I use it for repair work where I know there are some stains that don't scrub out. I would never try to shoot a whole house with it. I also just put it over 500 SF of wood paneling this week on a recommendation from other members. No bleed through at all. The knots bled right through the latex primer.


----------



## TNTRenovate

JackP23 said:


> Eggshell sucks!!! I try to educate my clients about the fact that you really can't touch it up. They usually come around.
> 
> It makes everything look like a subway restaurant!! :sad::sad::sad:
> 
> 
> __________
> Mike


Eggshell is about all I use, never had a problem touching it up.


----------



## blacktop

JackP23 said:


> Eggshell sucks!!! I try to educate my clients about the fact that you really can't touch it up. They usually come around.
> 
> It makes everything look like a subway restaurant!! :sad::sad::sad:
> 
> 
> __________
> Mike


Sherwin Williams ?


----------



## hdavis

TNTSERVICES said:


> Eggshell is about all I use, never had a problem touching it up.

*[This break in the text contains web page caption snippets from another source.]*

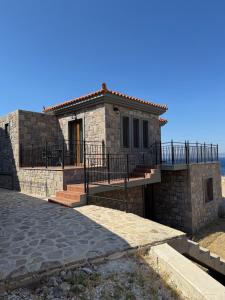 a small stone house with a balcony and a driveway at Endless View 2 in Mythimna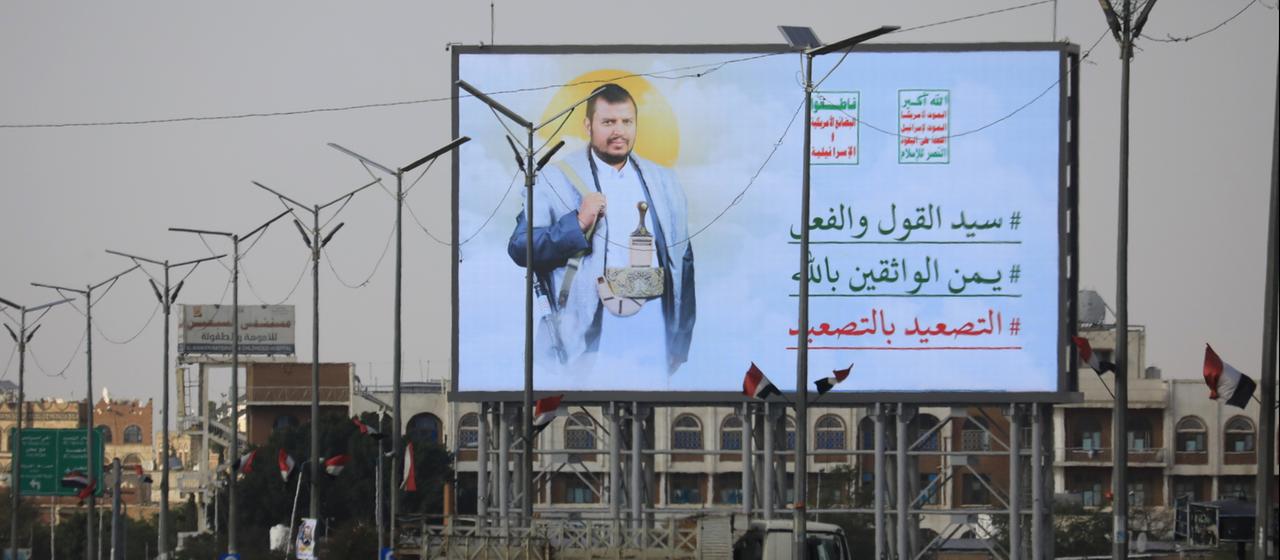 Autos fahren an einer Anzeigentafel vorbei, die Huthi-Anführer Abdul-Malik al-Huthi zeigt.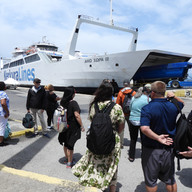 Group awaiting the bus in Corfu harbor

He's probably using a different paint AND primer, or at least a different primer.


----------



## 66 Shelby

TNTSERVICES said:


> Eggshell is about all I use, never had a problem touching it up.


What brand of Eggshell are you using?


----------



## JackP23

blacktop said:


> Sherwin Williams ?


Raking light.....Sherwin Williams.....doesn't matter....I see it...don't you? :laughing:

I like the way the millwork stands out with a matte or flat....guess it's just personal preference.

_____
Mike


----------



## EricBrancard

JackP23 said:


> Raking light.....Sherwin Williams.....doesn't matter....I see it...don't you? :laughing:
> 
> I like the way the millwork stands out with a matte or flat....guess it's just personal preference.
> 
> _____
> Mike


I do as well. I use mostly flats on walls with some matte finish. Pearl/satin on the millwork. I like a nice "glow" from the woodwork to stand off the flat of the wall as opposed to everything looking like it could stand up to a powerwash.


----------



## CarpenterSFO

Most common for me is eggshell on the ceiling, matte or flat on the walls, semi-gloss on the millwork.


----------



## JackP23

EricBrancard said:


> I do as well. I use mostly flats on walls with some matte finish. Pearl/satin on the millwork. I like a nice "glow" from the woodwork to stand off the flat of the wall as opposed to everything looking like it could stand up to a powerwash.


Elegance man....pure elegance! :thumbsup:


__________
Mike


----------



## hdavis

Pretty much eggshell everything, semigloss on millwork. Whatever is requested, and this one is the most common. I've done some interesting tinted flat ceilings - winter sky looked pretty cool.


----------



## Xtrememtnbiker

hdavis said:


> Pretty much eggshell everything, semigloss on millwork. Whatever is requested, and this one is the most common. I've done some interesting tinted flat ceilings - winter sky looked pretty cool.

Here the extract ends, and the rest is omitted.